One thing that has never come easily to me is trust.  Trusting people with my personal information, trusting people to follow through.  I would rather just not give them the chance to let me down, to disappoint.  But trust has managed to weasel its way into nearly every important element of our lives.  Even the one-dollar bill says In God We Trust.  The value of money itself is based in trust.  We don’t have gold reserves anymore.  Just think about capitalism… it’s trust.  Trust in those we don’t even know, those who don’t know us.  But society wouldn’t function without it.
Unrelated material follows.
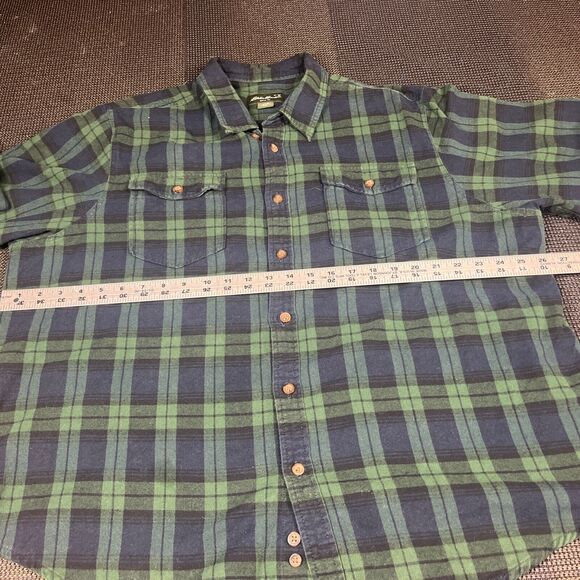 Eddie Bauer Men's Flannel Button Up Shirt Long Sleeve Green Blue Plaid Size XXL - Picture 5 of 6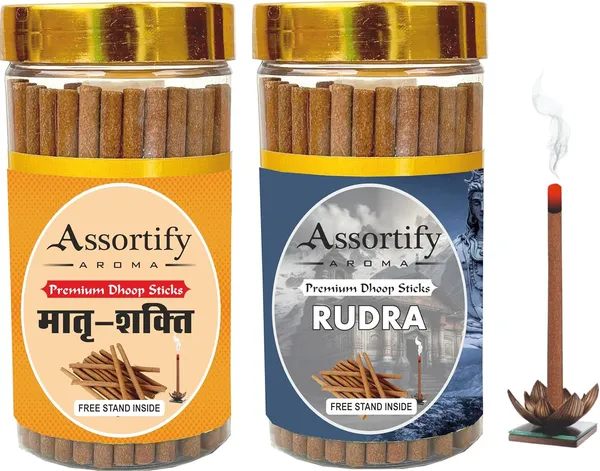 Matra_Shakti_+Rudra_Dhoop_Sticks_Boxbambolesspack_Of_Two_2X100Gm_Jar_Packagingless_Smoke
I arrived at this rant about trust because of a current debate I’ve been following in microfinance.  SKS, now India’s largest MFI, announced an initial public offering  just over three months ago.  Compartamos, an MFI in Mexico, has been publicly traded for years, but this is still a big step, and possibly an indication of where the microfinance industry is headed.  From what I’ve gathered it boils down to a couple main points of contention: Does commercialized microfinance imply exploitation and/or mission drift?
The benefits of being an aggressively for-profit MFI are evident: SKS reports an annual compound growth rate of 165% since 2004.  That represents millions of poor people who now have access to financial services, and women who have been empowered.  Furthermore, because SKS has reached such a large scale, they have been able to utilize their unique distribution channels to strike special deals with other for-profit companies to offer products such as cell phones, water purifiers, and sanitary pads to the poor at drastically lower prices.  Things they wouldn’t otherwise have access to; things I take for granted every day.
So what’s all the fuss about?  Microfinance is about helping the poor help themselves, giving them access to capital, formal savings products, life insurance, things ordinary banks have denied them for centuries.  Its mission is based solely around the best interest of the borrower, the client, the poor.  With commercialization, new major players are introduced: stakeholders (and not just the clients themselves as in Grameen Bank).  Profits no longer solely go back to the borrowers, but out to other stakeholders.  Is this pushing the industry towards loan sharking and profiteering?  Will short-term investor needs overshadow long-term strategy and dedication to the needs of the poor?
Thus far, I say no.  Going public has helped SKS achieve significantly greater outreach, better and more diversified products and services, and they are now under the ever-critical public eye.  Governance must be more transparent.  But once again it’s a matter of trust.  SKS is an extremely powerful institution that could easily, I mean easily, exploit the poor.  In a big way.  So do we say it’s not worth the risk?  Or do we trust them, and ourselves, to put the right people in charge and stay true to microfinance’s mission so that this life-changing industry can continue to grow? 
It’s not an easy decision.  Trust me.            

1 comment:

  1. The sooner MFIs are seen as profit enterprises, the better. The longer they pretend they are pro-poor, the longer they discredit the NGO sector that gave birth to a Frankenstein. By 2014, they target to reach 110 million borrowers. Remarkably, despite two decades of operations, if statistics are to be believed, these MFIs currently reach just 20 million people in the country, a good proportionate of them, multiple counted. Yet, they succeed in gaining an attention, so disproportionate to this minuscule reach. Act now to prevent them from becoming an epidemic scourge in the country. Act now, when they are most vulnerable. And how do we know they are vulnerable? Because Vijay Mahajan, the father of MFIs in India tells us so:

    “We are facing collapse. Unless something changes on the ground, the industry as we know it is basically gone.”

    Mahajan, we have news for you. The day when the likes of you are gone, that will be the turning point for the fight against poverty!

    What’s wrong with Micro-finance Institutions? Practically everything as the case of SKS illustrates.